Er kam, sah und siegte. Denn mit dem F-Type hat Jaguar nicht nur das Comeback als waschechter Sportwagenhersteller gefeiert, 75 Prozent Neukunden zur Marke geholt und weltweit über 160 Preise eingefahren. Sondern vor allem haben die Briten mit Coupé und Cabrio eine würdige Alternative zu Autos wie dem Porsche 911, dem AMG GT oder dem Aston Martin ins Feld geführt. Doch nur mitzufahren in diesem illustren Kreis, das ist ihnen offenbar zu wenig. Deshalb holt Jaguar jetzt genau wie die Kollegen von Land Rover beim Range Rover Sport zum ersten Mal die Truppe für „Special Vehicle Operations“ ins Boot und rüstet den F-Type ab Juli zum SVR-Modell auf. 575 PS, 700 Nm, ein messerscharf nachgeschliffenes Design und ein Ruf wie Donnerhall sollen dem Tiefflieger die Lufthoheit auf der Überholspur sichern.

Auf dem Papier legt der sündige fünf Liter große V8-Kompressor zwar nur 25 PS und 20 Nm zu, die wahrscheinlich nicht einmal ein Profi heraus fahren würde. Wobei es natürlich trotzdem imposant ist, wenn der F-Type seine Insassen mit dem Punch eines Preisboxers in bestenfalls 3,7 Sekunden auf Tempo 100 prügelt, wenn man zum Überholen im Kickdown nicht viel mehr als zwei Fahrzeuglängen freier Strecke braucht und man seinen Schutzengel mit Geschwindigkeiten weit jenseits von 300 km/h heraus fordern kann. Nicht umsonst schafft schon das Cabrio 314 und das Coupé sogar 322 km/h – so schnell war ein Jaguar mit Straßenzulassung noch nie.

Dass in der Praxis aus dem F-Type im SVR-Trimm tatsächlich ein anderes Auto wird, liegt aber weniger am stärkeren Motor und auch nicht an dem mit scharfen Messern nachgeschnittenen Design. Sondern es liegt am neuen Setup für das Fahrwerk, den breiteren Rädern mit mehr Grip und vor allem an der überarbeiteten Aerodynamik: Mit dem glatten Unterboden und dem großen Diffusor saugt sich der Flachmann förmlich am Asphalt fest und wenn sich jenseits von 100 km/h mit dem Surren eines Elektromotors der große Heckflügel erhebt, drückt eine unsichtbare Faust das Heck so fest auf die Straße, dass man in Kurven kaum mehr an sich halten kann, so schnell schnüren Coupé und Cabrio davon. Dazu noch ein Allradantrieb, der sich im Zweifel nach hinten orientiert und den F-Type auch mal ein bisschen schwänzeln lässt, das Torque-Vectoring, das die Kraft jeweils zugunsten des kurvenäußeren Rades verteilt, und ein adaptives Fahrwerk, das sich auch im knüppelharten Dynamic-Modus nur von kurzen, harten Stößen aus der Ruhe bringen lässt – fertig ist der vielleicht schärfste Sportwagen, den Jaguar bislang auf die Straße entlassen hat. Wenn die Briten jetzt noch was von der Leichtgängigkeit aus der Lenkung nehmen würden, dann hätte der F-Type tatsächlich das Zeug zum Porsche-Killer.

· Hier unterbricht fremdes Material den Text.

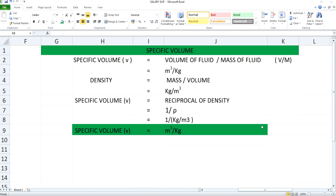This density will be represented by the symbol rho. You can represent it as 1 by rho and this rho is just the ratio of mass upon volume and its unit is kg per meter cube. You can denote it as 1 by kg per meter cube.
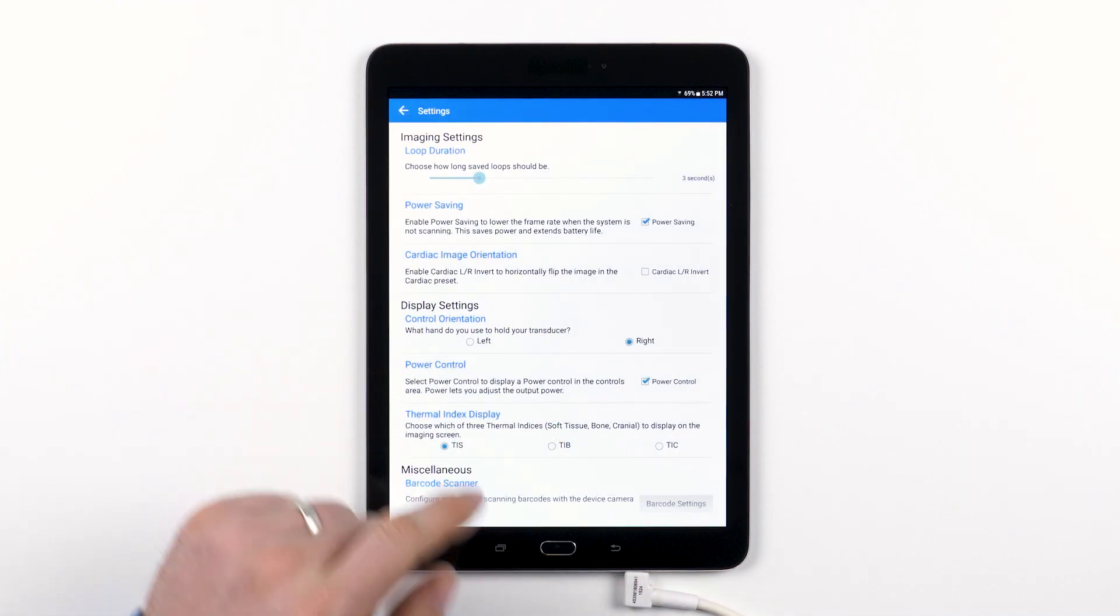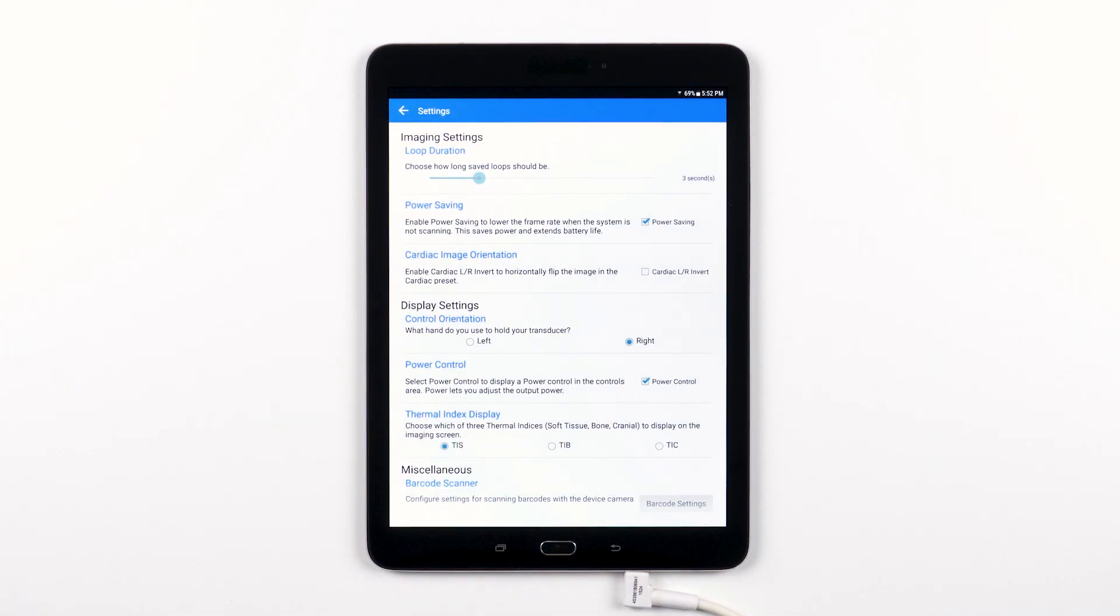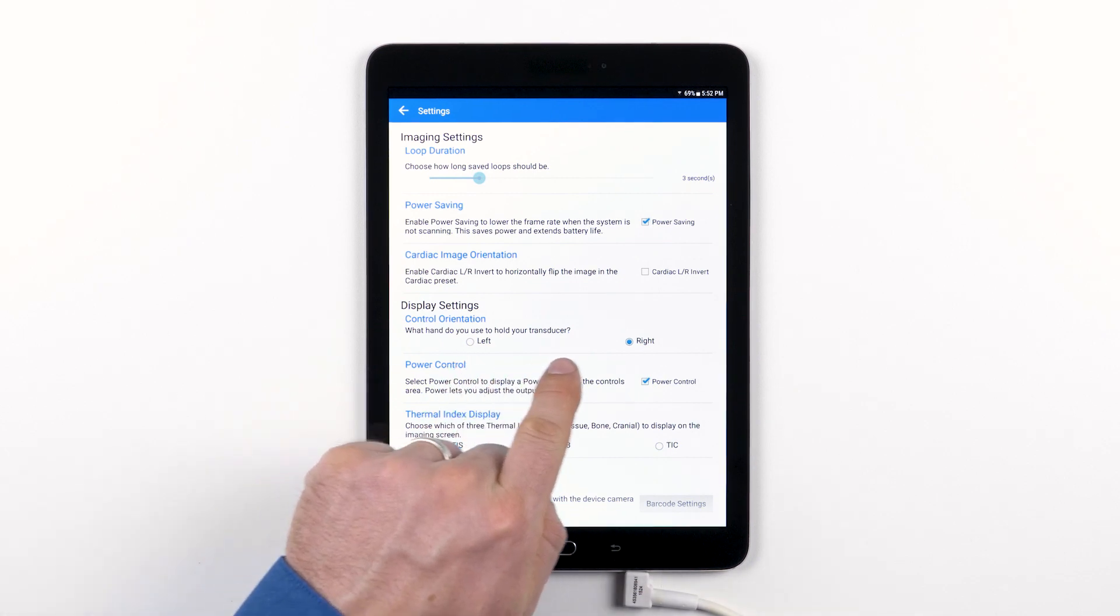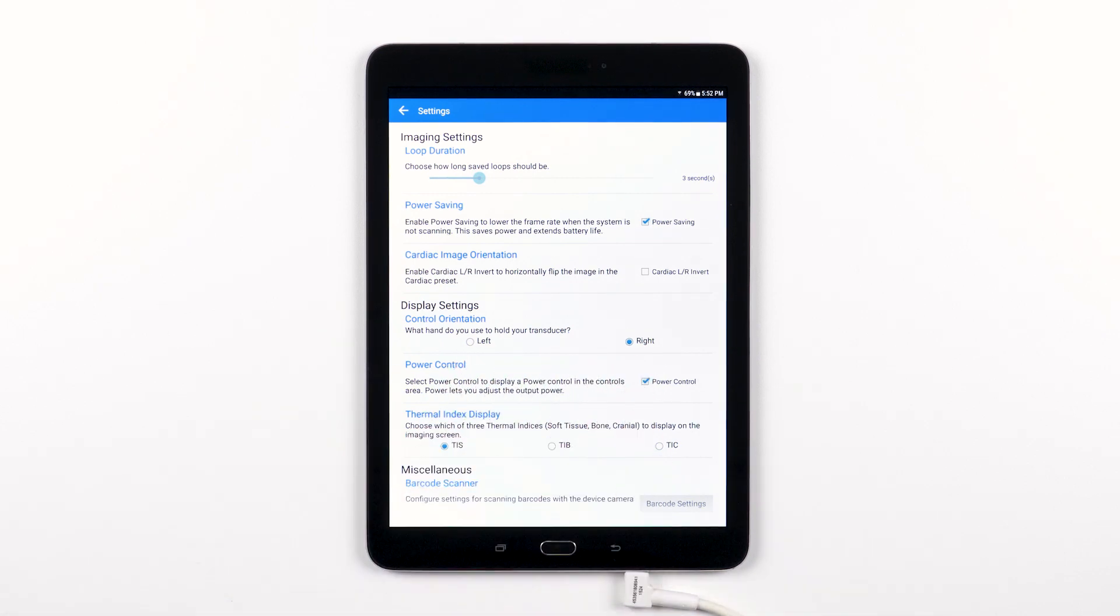The control orientation setting allows you to orient the system controls based on which hand you use to hold the transducer.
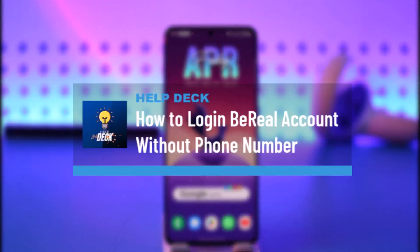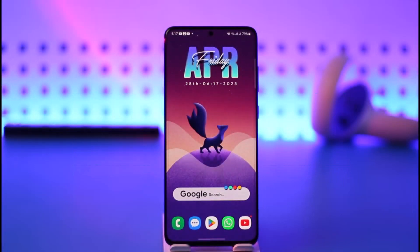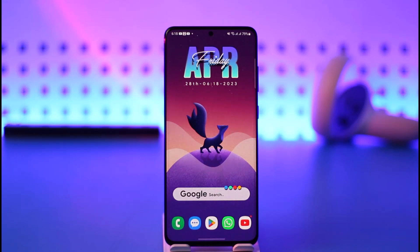Hello everybody, welcome back to our channel. In today's video I'll guide you on how you can log in to your BeReal account without a phone number. Make sure to watch this video till the very end. Now, if you want to start using BeReal but you care about your privacy and don't want to give them a phone number, you want to sign up with an email address — well, can you do that? The answer is no.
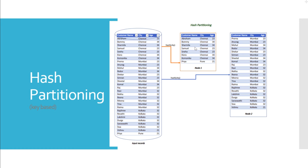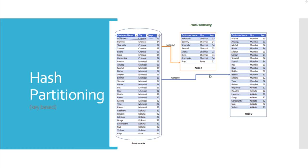In the diagram, in the input dataset, the column city has been chosen as the partition key. As you can see, the records with city values Chennai and Pune are sent to the first partition or Node 1, and the records with city values Mumbai and Kolkata are sent to the second partition that is running on processor 2, Node 2.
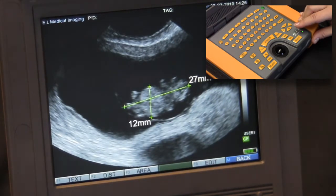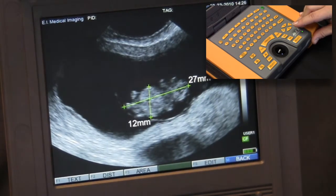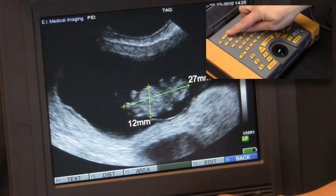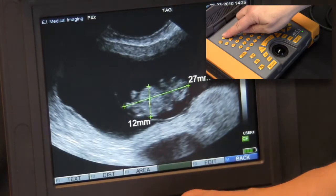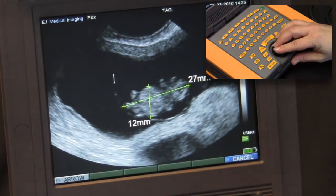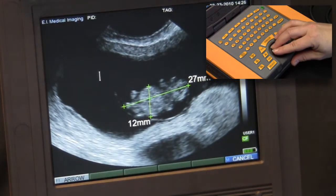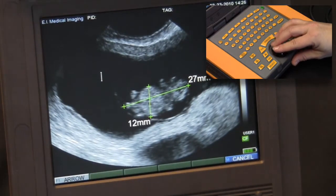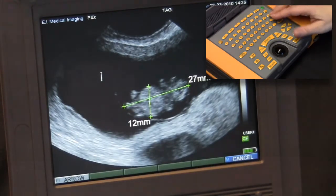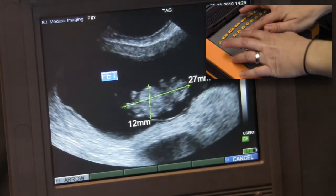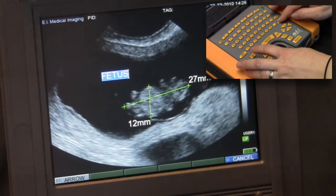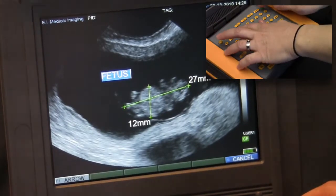Text can be added to the screen by selecting F1. Move the resulting cursor to where you'd like to make the annotation. Type your chosen tag and press the select key to commit the text.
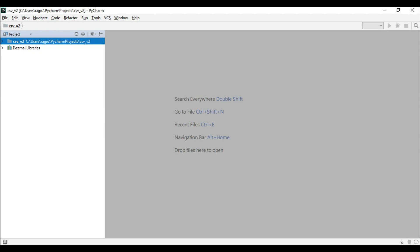Hello friends, welcome back to my YouTube channel. Today we are going to learn about read and write operations with CSV files. The reading process is the same for both Python 2 and 3 versions, but creating a CSV file is different. Let's start.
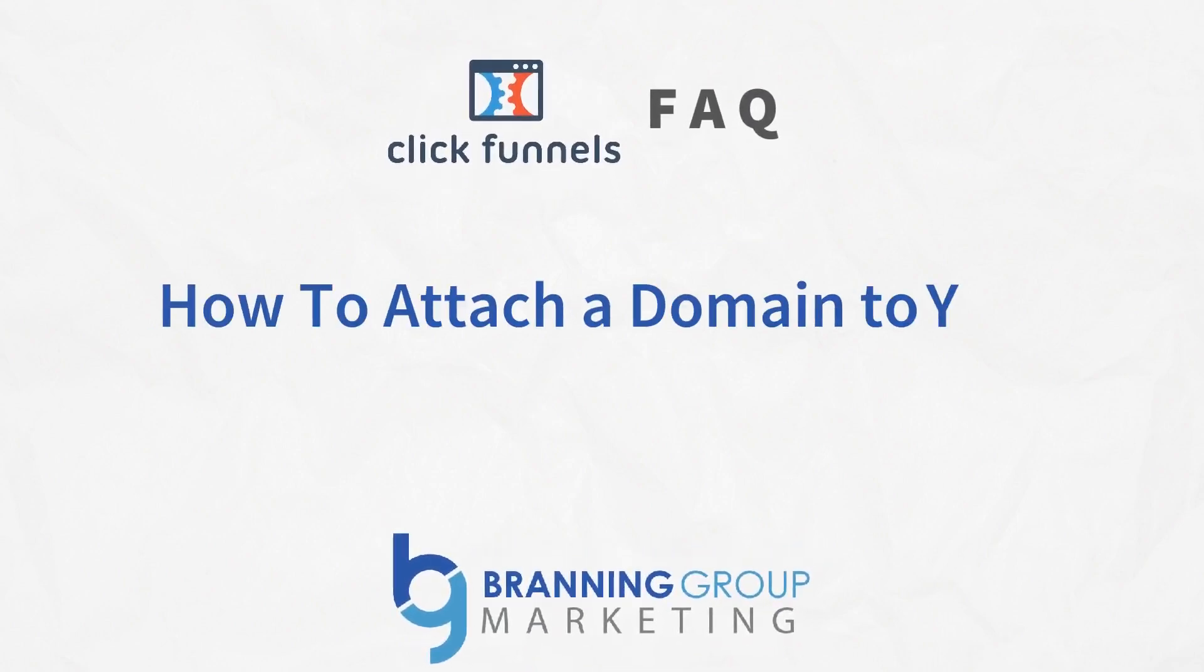In this Funnels 101 training, Ryan from the Branding Group shows you how to attach a domain to your funnel.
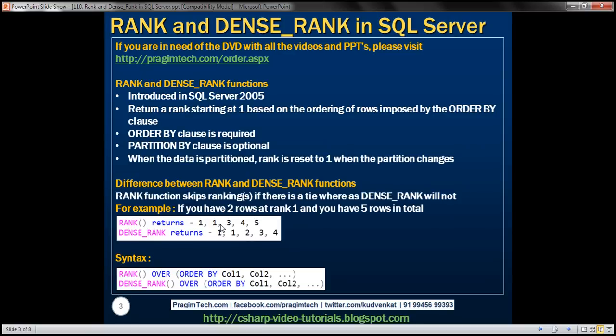That's the fundamental difference between rank and dense rank functions. The syntax is: specify the function name — rank or dense rank — followed by the OVER keyword, and then within parentheses use the ORDER BY clause with the column list by which you want to sort the data. Let's look at an example to make all these points clear.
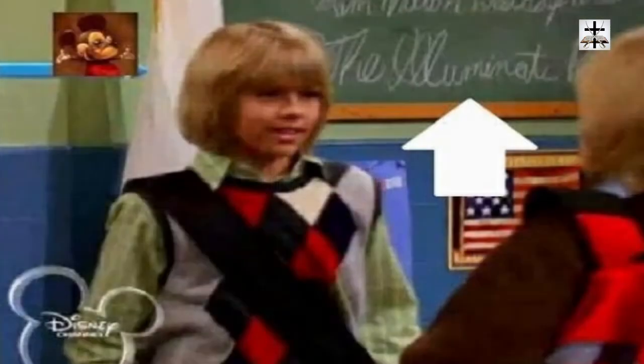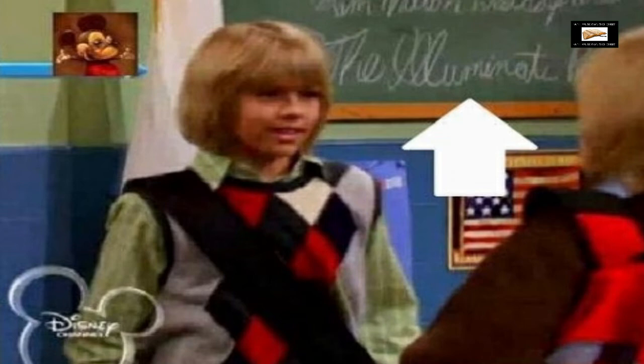Here is the final picture — a show on the Disney Channel where it has the word 'illuminati' written right there in the background for your subconscious to see and consume. These are just a few examples of full-on illuminati symbolism in Disney films.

Nicht minder wichtig für den Rausch der Sinne ist allerdings der neue Titan-Auspuff mit seinen vier mächtigen Endrohren, die wie Posaunen aus dem Heck ragen. Denn der leistet nicht nur großen Anteil an den immerhin 50 Kilo Diäterfolg. Sondern vor allem komponiert er einen Soundtrack aus Brüllen und Bollern, aus Keifen und Knallen, dass selbst eine heavy-Metall-Band plötzlich so zahm und friedlich klingt wie ein Kirchenchor.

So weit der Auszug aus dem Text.